Mulheres, paridade e sotaques

Mas a mudança tende a demorar, e foi Sandra Oh quem avisou que “no próximo ano” tudo “poderá ser diferente”. Logo a seguir, uma cara antiga, Michael Douglas, ganhou um Globo pela prestação na comédia The Kominsky Method, do Netflix. Seguiram-se estatuetas para Homem-Aranha: No Universo Aranha, de Peter Ramsey, Robert Persichetti Jr. e Rodney Rothman, na categoria de Melhor Filme de Animação, bem como para o escocês Richard Madden, por The Bodyguard, o britânico Ben Whishaw, por A Very English Scandal, e Patricia Arquette, que se transformou completamente para o seu papel em Escape at Dannemora.

Steve Carell deu o primeiro Prémio Carol Burnett à própria Carol Burnett, a lenda da comédia que durante 11 anos apresentou o programa de variedades The Carol Burnett Show. Mais tarde, Chris Pine honrou Jeff Bridges com o prémio Cecil B. DeMille.

Na música, Justin Hurwitz ganhou por mais uma banda sonora de Damien Chazelle, desta feita por O Primeiro Homem na Lua, seguindo-se a única estatueta para Assim Nasce Uma Estrela: Lady Gaga, Mark Ronson, Anthony Rossomando e Andrew Wyatt, pela escrita de Shallow, a Melhor Canção Original. A cantora transformada em actriz sublinhou, no seu discurso, quão difícil era ser levada a sério como mulher compositora na indústria musical.

Regina King, vencedora por If Beale Street Could Talk, a adaptação que Barry Jenkins fez do romance homónimo de James Baldwin, ganhou o prémio de Melhor Actriz Secundária num drama, e prometeu que, em todos os projectos que fizer enquanto produtora, terá 50% de mulheres a trabalhar, exortando as pessoas em posições de poder que a estavam a ouvir a fazerem o mesmo. A produção tinha começado a tocar música para ela se apressar, mas parou logo para que continuasse. A Melhor Actriz Principal foi Glenn Close, pelo papel em A Mulher, de Björn Runge, o que a poderá aproximar dos Óscares. No discurso, deu ênfase à necessidade de as mulheres não existirem só em função dos homens.
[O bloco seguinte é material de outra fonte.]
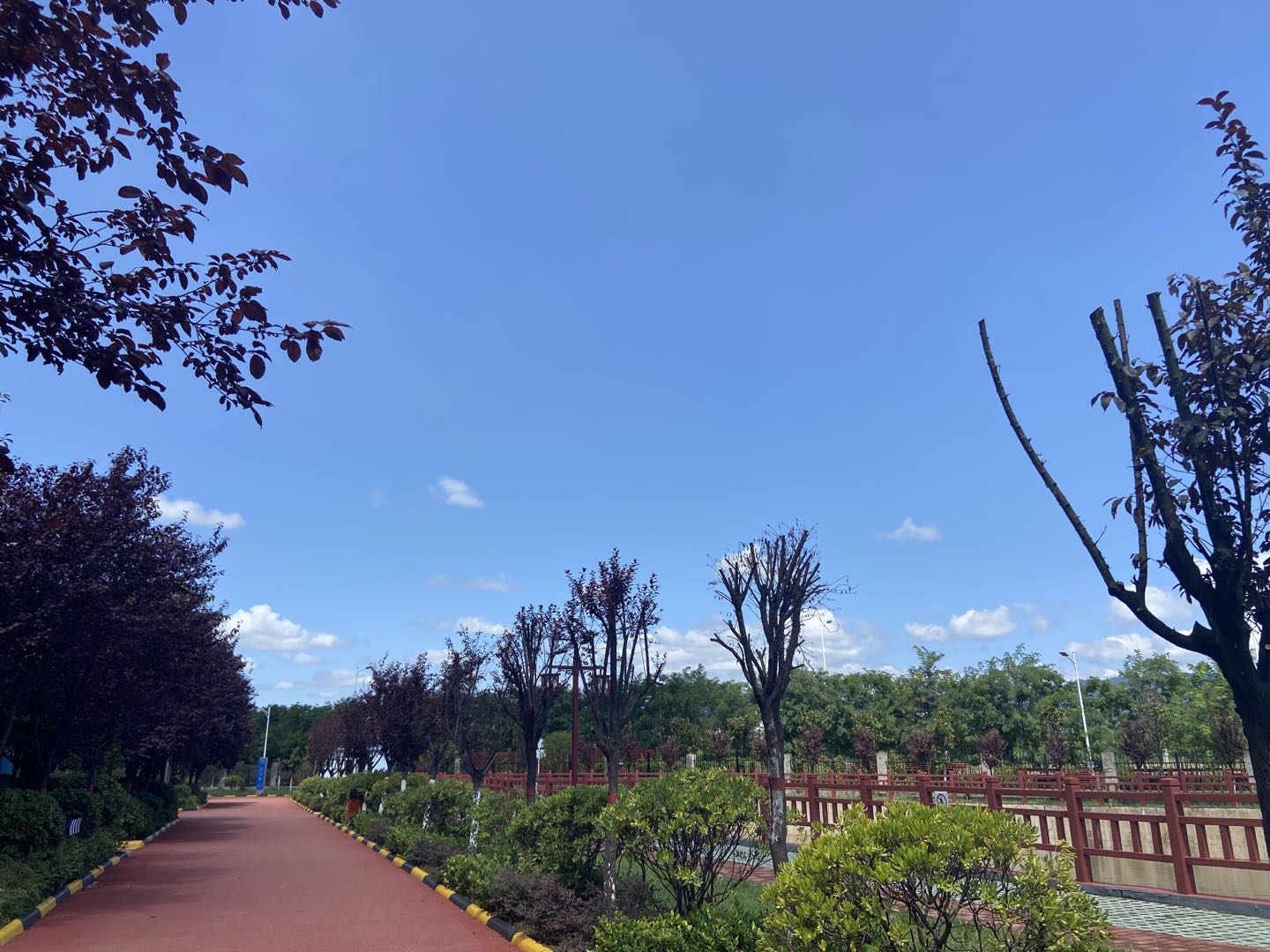 又到風(fēng)起葉落時(shí)！漢鋼那么美，我想帶你去看看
Depois de Maya Rudolph pedir Amy Poehler em casamento em palco, Mahershala Ali, que no ano passado tinha sido nomeado pelo filme anterior de Jenkins, Moonlight, ganhou pelo papel no polémico Green Book, que tem sido acusado de manipular a vida real e seguir a tradição de histórias escritas e realizadas por pessoas brancas, não colocando no centro as personagens negras.

O filme conta a história, aparentemente baseada em factos verídicos, de Tony Lip, que fez de Carmine Lupertazzi em Os Sopranos e nos anos 1960 foi motorista e guarda-costas do músico negro Don Shirley. Co-escrito pelo filho de Tony, Nick Vallelonga, que recebeu uma estatueta, pinta Shirley como alguém que estava afastado da família, um retrato que a própria família já veio a público desmentir, acusando Green Book de estar cheio de mentiras. Ali terá inclusivamente pedido desculpa à família de Don Shirley, o músico da vida real que interpreta no filme, mas esta não foi incluída no discurso. Seguiu-se o prémio de Melhor Argumento para o filme, que viria ainda a receber um já mencionado terceiro prémio, o que não bate certo com o que Peter Farrelly disse recentemente à Vanity Fair, onde se queixou de poder vir a ter “stress pós-traumático” devido às críticas negativas que tem recebido.

Patricia Clarkson ganhou o prémio de Melhor Actriz Secundária numa Série Limitada ou Telefilme pelo papel em Sharp Objects, a série da HBO baseada num livro de Gillian Flynn que não teve estreia entre nós, seguindo-se o prémio de Melhor Actor — Musical ou Comédia para Christian Bale, pelo papel de Dick Cheney, ex-vice-presidente dos Estados Unidos, em Vice, que só chega a Portugal a 14 de Fevereiro.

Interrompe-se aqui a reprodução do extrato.